Abstract

Scientific evidence shows that programmed intermittent epidural bolus (PIEB) for labor analgesia achieves good obstetric outcomes. After implementing our institutional standard for epidural analgesia, we compared PIEB + patient-controlled epidural analgesia (PCEA) versus continuous epidural infusion (CEI).

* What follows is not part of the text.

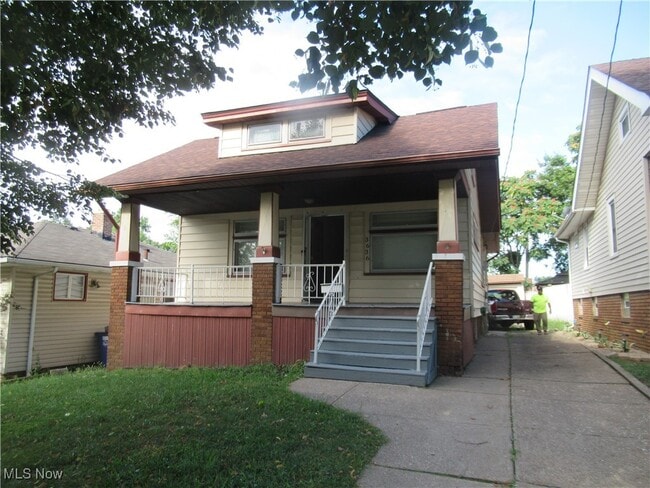 Primary Photo - 3636 W 122nd St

In an observational cohort study, we compared CEI with 0.2% ropivacaine + 100-μg fentanyl initial bolus versus PIEB+PCEA with 0.1% ropivacaine + 2 μg mL-1 fentanyl in primiparous women. The primary outcome was mode of delivery. Secondary outcomes were duration of the second stage of labor and total ropivacaine and fentanyl doses. Other outcomes, in the PIEB+PCEA group only, were motor block, use of PCEA and rescue bolus, maternal mobility and maternal satisfaction. Univariate statistical analysis was performed using the χ2 Test, analysis of variance or nonparametric Kruskal-Wallis Test. Multivariate analysis was performed using multiple logistic regression analysis. The study included 221 patients (CEI 116; PIEB+PCEA 105). Multiple logistic regression showed that the PIEB+PCEA group had significantly fewer caesarean sections (CEI [14%] vs. PIEB+PCEA [5%], P=0.015) and instrumental deliveries, after correcting for confounders (OR=0.49; 95% CI: 0.27-0.89). The second stage of labor did not significantly differ between groups. Total ropivacaine dose was significantly lower with PIEB+PCEA. There was no relationship between mild motor block and increased use of PCEA in the PIEB+PCEA group. Mode of delivery and duration of the second stage of labor were not influenced by motor block either. Maternal satisfaction was high. PIEB+PCEA offers obstetric and analgesic advantages over CEI in daily clinical practice.